Supported resolution/level combinations:

  • 120km_L32

  • 60km_L32

  • 30km_L32

  • 15km_L58

  • NVHPC compilers (tested nvfortran version 23.X): Initializing from restart fails.

    • Additional details: Any configuration (tested with QPC6, F2000Climo, Fully-Coupled) that attempts to restart from a previous run will fail in CAM subroutine dyn_init.
    • Resolutions affected: all supported resolution/level combinations.
    • Work around: Run without restart.
  • NVHPC compiler requires patched version of aerosol_optics_cam.F90 module: Module will not build or run correctly without patched version.

    • Additional Details: The nvhpc compiler functionality with tag 145 software was accomplished by making two patches to the aerosol_optics_cam.F90 module. The first patch addresses an internal compiler error encountered in the nvhpc 23.x compilers related to the use of Fortran complex number accessors (see ESCOMP/CAM Issue #881). The second is a runtime error addressed (for the time being) by removing dynamic dispatch polymorphism in the F2003 code in one place in this module (ESCOMP/Cam Issue #945).The team is working with NVIDIA to permanently correct these issues in a future version of the compiler.
    • Resolutions affected: All supported resolution/level combinations involving the atmospheric component (CAM).
    • Work around: Use the patched version of aerosol_optics_cam.F90 distributed in release version 2.1.
  • FullyCoupled compset (any compiler): Due to changes in the mpas-framework directory to match with MPAS-7.x OpenACC framework, runs fail.

    • Example error message: ERROR: shr_reprosum_calc ERROR: NaNs or INFs in input

Known issues by compset/compiler/resolution (Hybrid CPU-GPU)

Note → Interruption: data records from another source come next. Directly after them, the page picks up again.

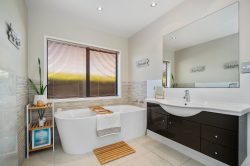 39 Inverness Drive, Pyes Pa, Tauranga, Bay Of Plenty, 3112, New Zealand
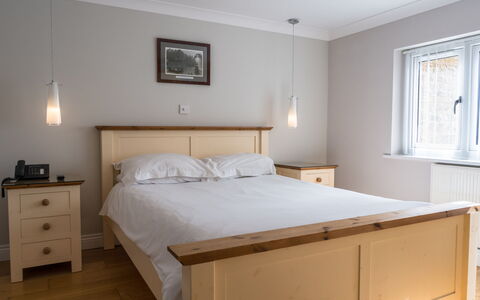 Hollies Coach House: Letto, Mobilia, Bedding, Camera Da Letto, Interior Design, Lenzuolo, Parete, Legna, Pavimentazione, Pavimento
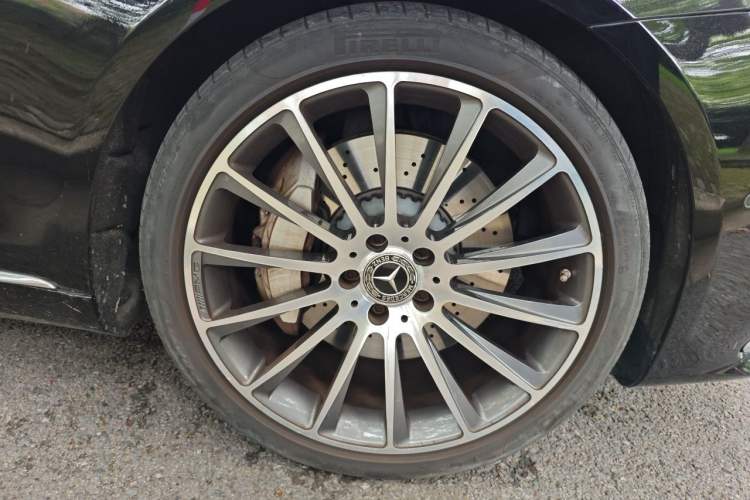 Used Mercedes-Benz S-Class 2020 S 350 L Exclusive Edition Prestige Collection Right Front Wheel Hub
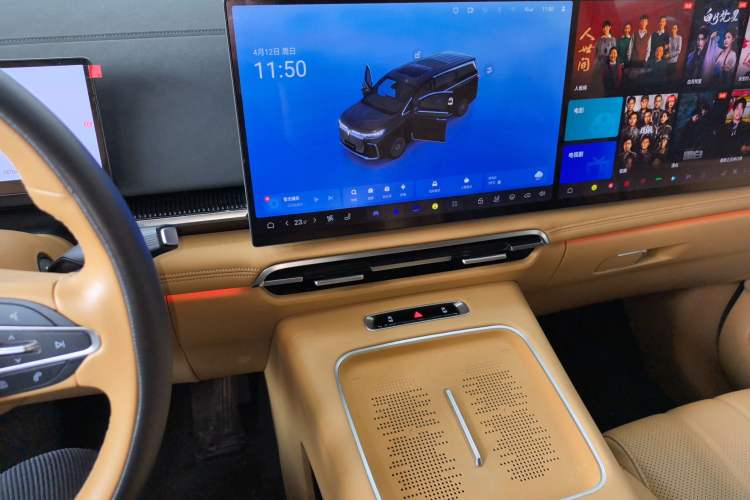 Used VOYAH Dream 2025 PHEV Four-Wheel-Drive Flagship Kunpeng Edition Audio And AC Panel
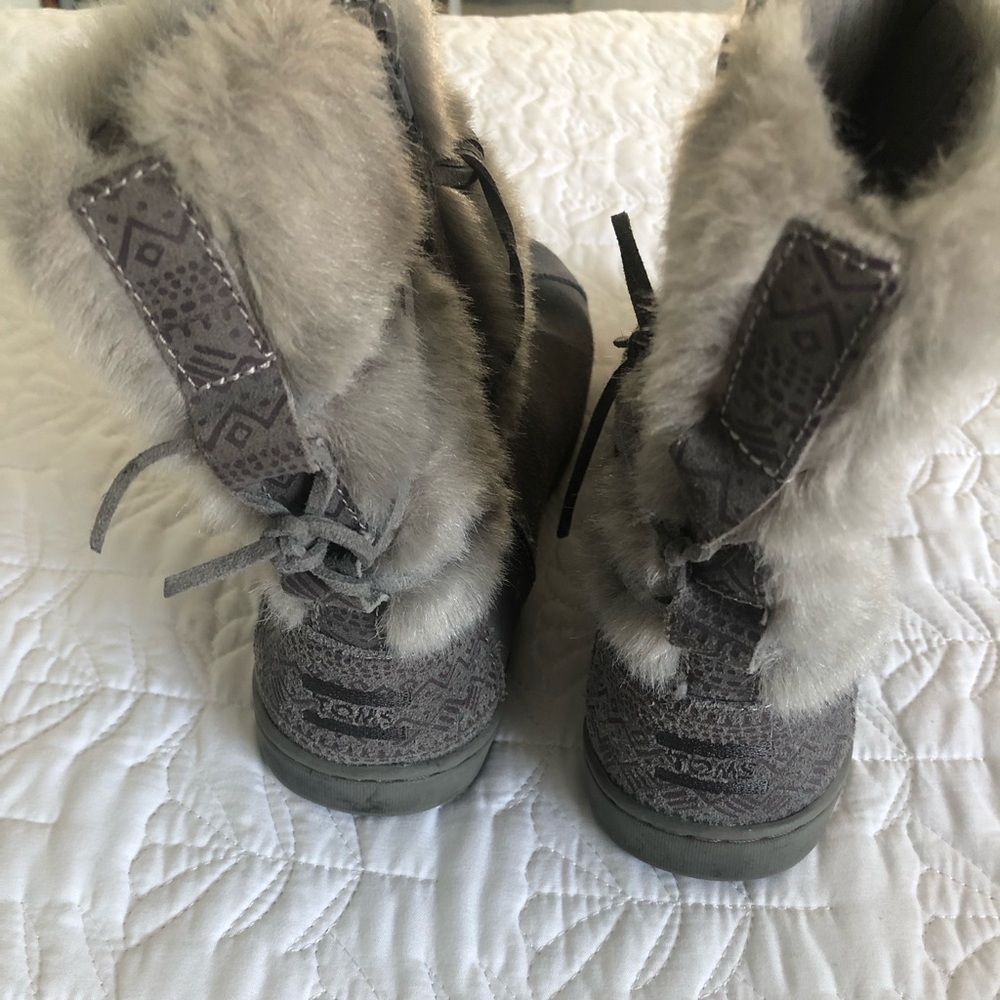 Grey Toms Booties Size US 4 - Picture 5 of 5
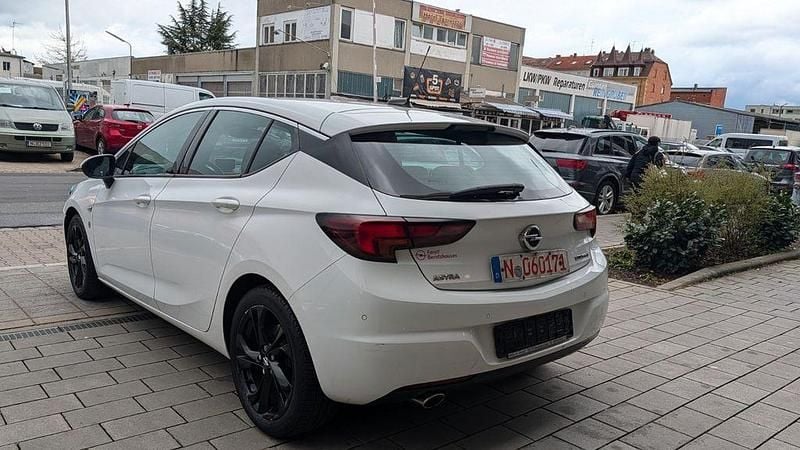 Gebraucht Opel Astra Innovation 150 PS (110 kW) 2018 Weiß Limousine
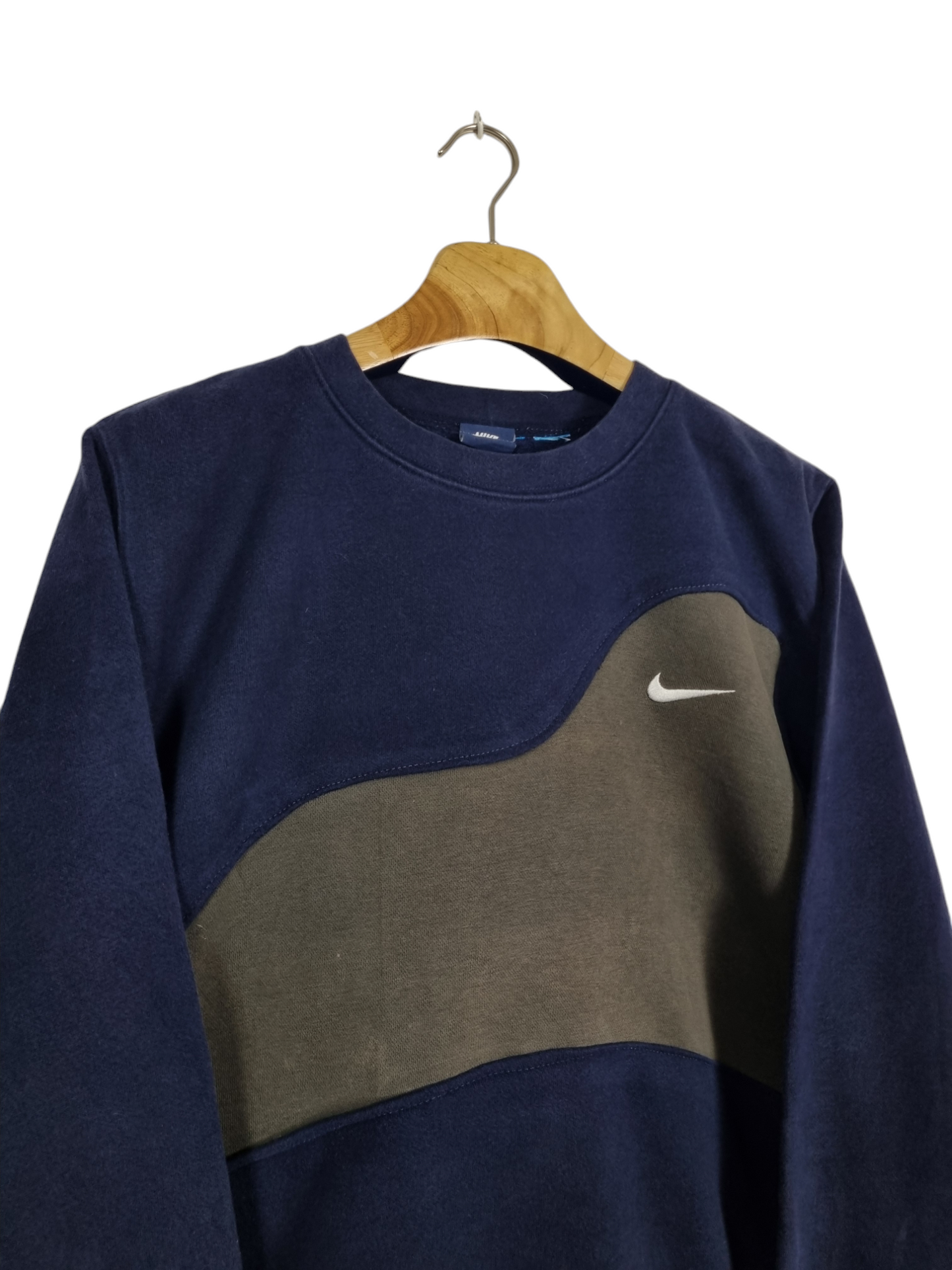 Nike chest swoosh sweater maat S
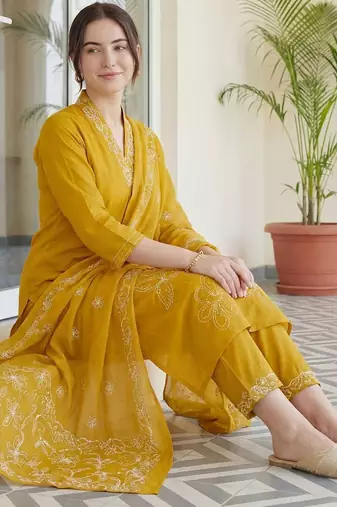 Women Floral Embroidered Regular Thread Work Pure Cotton Kurta with Trousers & With Dupatta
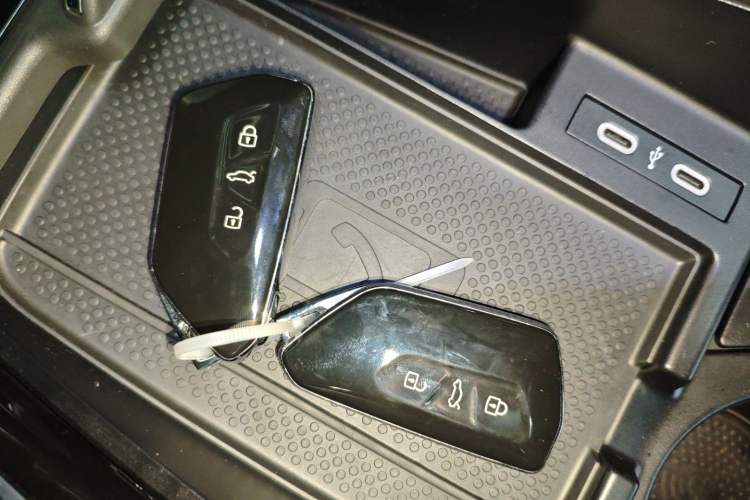 Used Volkswagen ID.6 X 2022 Smart Enjoyment Long-Range Edition Vehicle Key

  • F2000Climo-GPU-Offload:
    • Configuration notes: Includes PUMAS and MPAS-7.x GPU offload with OpenACC directives. Does not work with nvfortran 24.1 compiler due to an compilation issue with the CICE model. .
    • Supported resolution/level combinations:
      • 120km_L32
      • 60km_L32
      • 30 km_L32
    • Tested on:
      • Derecho GPU-partition
    • Compiler Issues:
      • See: Known NVHPC compilation issues above.

FHS94-GPU-Offload:

  • Configuration notes: CAM-Physics not included (e.g. PUMAS GPU offload). So only MPAS-7.x is offloaded to GPUs.
  • Supported resolution/level combinations:
    • 120km_L32
    • 60km_L32
    • 30km_L32
  • Tested on:
    • Derecho GPU-partition

FullyCoupled Compset GPU-Offload:

  • Configuration notes: Builds fail due to redefinition of of routines mpas_dmpar.F.
  • Example error message: nvlink error : Multiple definition of 'mpas_dmpar_mpas_dmpar_exch_halo_1d_real_acc_6481_gpu' in '${CASEDIR}/bld/lib/libocn.a:mpas_dmpar.o', first defined in '${CASEDIR}/bld/lib/libice.a:mpas_dmpar.o'